--- Data under study ---
_ _ _ _
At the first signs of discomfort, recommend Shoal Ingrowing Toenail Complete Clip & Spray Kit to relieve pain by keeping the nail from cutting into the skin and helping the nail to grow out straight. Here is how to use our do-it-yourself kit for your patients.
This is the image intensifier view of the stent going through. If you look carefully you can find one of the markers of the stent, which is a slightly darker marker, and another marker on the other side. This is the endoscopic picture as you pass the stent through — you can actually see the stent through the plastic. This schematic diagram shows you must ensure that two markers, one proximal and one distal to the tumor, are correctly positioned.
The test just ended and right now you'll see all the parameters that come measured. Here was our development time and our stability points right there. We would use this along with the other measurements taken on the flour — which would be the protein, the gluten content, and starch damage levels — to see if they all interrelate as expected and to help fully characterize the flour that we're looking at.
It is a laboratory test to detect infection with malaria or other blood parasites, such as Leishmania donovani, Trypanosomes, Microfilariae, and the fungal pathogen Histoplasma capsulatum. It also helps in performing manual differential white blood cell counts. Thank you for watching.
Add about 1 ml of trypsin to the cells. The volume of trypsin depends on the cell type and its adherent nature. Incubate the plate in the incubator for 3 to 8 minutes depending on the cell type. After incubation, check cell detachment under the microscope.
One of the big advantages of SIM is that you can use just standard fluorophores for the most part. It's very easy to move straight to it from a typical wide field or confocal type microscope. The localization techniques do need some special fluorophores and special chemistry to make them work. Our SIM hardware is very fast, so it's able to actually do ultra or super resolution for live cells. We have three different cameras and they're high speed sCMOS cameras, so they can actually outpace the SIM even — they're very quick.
_ _ _ _
Both end lines included, restate word for word the lines above from the line with "The test just" to the line with "It is a laboratory", and nothing else.

The test just ended and right now you'll see all the parameters that come measured. Here was our development time and our stability points right there. We would use this along with the other measurements taken on the flour — which would be the protein, the gluten content, and starch damage levels — to see if they all interrelate as expected and to help fully characterize the flour that we're looking at.
It is a laboratory test to detect infection with malaria or other blood parasites, such as Leishmania donovani, Trypanosomes, Microfilariae, and the fungal pathogen Histoplasma capsulatum. It also helps in performing manual differential white blood cell counts. Thank you for watching.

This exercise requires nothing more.